The latest COLA announcement, tied to year-over-year increases in the consumer price index, mirrors the past several years. Raise percentages skyrocketed during high pandemic-era inflation, but have hovered around 2% and 3% since 2023.

Older Americans have told Business Insider that, while this COLA raise helps cover the rising cost of groceries, rent, and healthcare, it can present another problem. Low-income retirees often rely on other aid programs like Supplemental Nutrition Assistance and Medicaid. This slight cost-of-living raise can push some older adults over the qualifying threshold for those other aid programs, so lower-income retirees should carefully check those criteria.

Social Security income will still be taxed

Social Security income is typically taxed. Depending on household income, Americans may pay taxes on up to 85% of their Social Security payments.

Those who take home less than $25,000 as an individual and $32,000 as a couple, however, will not have their benefits taxed. Need-based Supplemental Social Security also isn’t subject to tax.

Under President Donald Trump’s One Big Beautiful Bill Act — signed in July — taxpayers 65 and older can claim up to $6,000 in addition to their normal standard deduction. This new rule is set to last through 2028 and builds off of an existing tax exemption for seniors.

In practice, this means that older Americans filing their 2025 tax returns can write off as much as $23,750. Joint filers over 65 will be able to claim as much as $46,700.

Out-of-pocket Medicare costs will rise

Most Social Security beneficiaries are also enrolled in Medicare, a federal health insurance program available to Americans over 62 and some people with disabilities. Open enrollment began in November and ends December 7.

The program’s structure will not change in the new year, but beneficiaries can expect higher out-of-pocket costs because the price of US healthcare is climbing and more baby boomers are needing care as they age. Premiums for Medicare Part B plans will jump by about 10%.

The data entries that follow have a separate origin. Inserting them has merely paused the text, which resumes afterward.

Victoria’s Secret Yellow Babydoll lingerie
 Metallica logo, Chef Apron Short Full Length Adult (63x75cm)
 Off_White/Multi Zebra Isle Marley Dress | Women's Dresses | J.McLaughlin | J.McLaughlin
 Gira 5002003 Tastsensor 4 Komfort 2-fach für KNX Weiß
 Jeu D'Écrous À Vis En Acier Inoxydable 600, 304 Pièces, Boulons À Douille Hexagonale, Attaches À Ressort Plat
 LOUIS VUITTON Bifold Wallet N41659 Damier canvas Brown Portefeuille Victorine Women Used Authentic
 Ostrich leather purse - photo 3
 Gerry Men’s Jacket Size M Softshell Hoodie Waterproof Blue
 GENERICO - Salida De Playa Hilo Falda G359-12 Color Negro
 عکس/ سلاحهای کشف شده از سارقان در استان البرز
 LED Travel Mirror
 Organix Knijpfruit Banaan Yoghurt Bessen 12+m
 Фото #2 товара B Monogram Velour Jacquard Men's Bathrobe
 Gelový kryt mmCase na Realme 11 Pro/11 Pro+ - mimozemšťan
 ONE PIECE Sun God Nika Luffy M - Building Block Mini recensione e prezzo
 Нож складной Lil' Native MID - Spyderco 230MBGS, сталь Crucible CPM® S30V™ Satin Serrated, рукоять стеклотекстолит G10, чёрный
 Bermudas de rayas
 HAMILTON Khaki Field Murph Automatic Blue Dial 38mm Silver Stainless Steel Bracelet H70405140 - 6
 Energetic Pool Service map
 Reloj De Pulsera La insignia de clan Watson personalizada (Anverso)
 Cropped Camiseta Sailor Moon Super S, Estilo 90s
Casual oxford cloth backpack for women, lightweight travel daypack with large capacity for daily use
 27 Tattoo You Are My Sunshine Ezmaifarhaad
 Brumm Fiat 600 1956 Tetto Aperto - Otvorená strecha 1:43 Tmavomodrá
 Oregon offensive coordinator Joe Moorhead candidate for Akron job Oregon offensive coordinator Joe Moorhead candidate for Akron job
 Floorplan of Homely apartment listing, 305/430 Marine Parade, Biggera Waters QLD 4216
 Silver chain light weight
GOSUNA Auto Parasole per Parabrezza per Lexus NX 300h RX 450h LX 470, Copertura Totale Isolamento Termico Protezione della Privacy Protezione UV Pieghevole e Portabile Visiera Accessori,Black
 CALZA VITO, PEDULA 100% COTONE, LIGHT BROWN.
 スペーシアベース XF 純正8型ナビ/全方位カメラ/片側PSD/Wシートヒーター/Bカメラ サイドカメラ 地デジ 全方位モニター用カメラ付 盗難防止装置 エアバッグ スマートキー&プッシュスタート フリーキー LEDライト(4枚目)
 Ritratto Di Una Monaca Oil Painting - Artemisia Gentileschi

Medicare has four main plan types. Parts A and Part B are standalone insurance plans that cover inpatient and outpatient care; Medicare Advantage allows older Americans to join private plans governed by Medicare rules and out-of-pocket caps; and Part D is typically supplemental insurance that covers prescription drugs and basic provider visits.

Medicare is based on age and Medicaid is based on income, so some Americans qualify for both insurance programs.

The Social Security fund is in jeopardy

America’s Social Security fund is expected to become insolvent in the mid-2030s. This doesn’t mean checks will stop entirely, but retirees could see smaller benefit amounts unless Congress secures more money. Social Security is supplemented by the federal government, even though individuals pay into the program throughout their careers.

Programs like Medicare, Medicaid, and SNAP that some older Americans rely on are funded separately from Social Security and will not be impacted.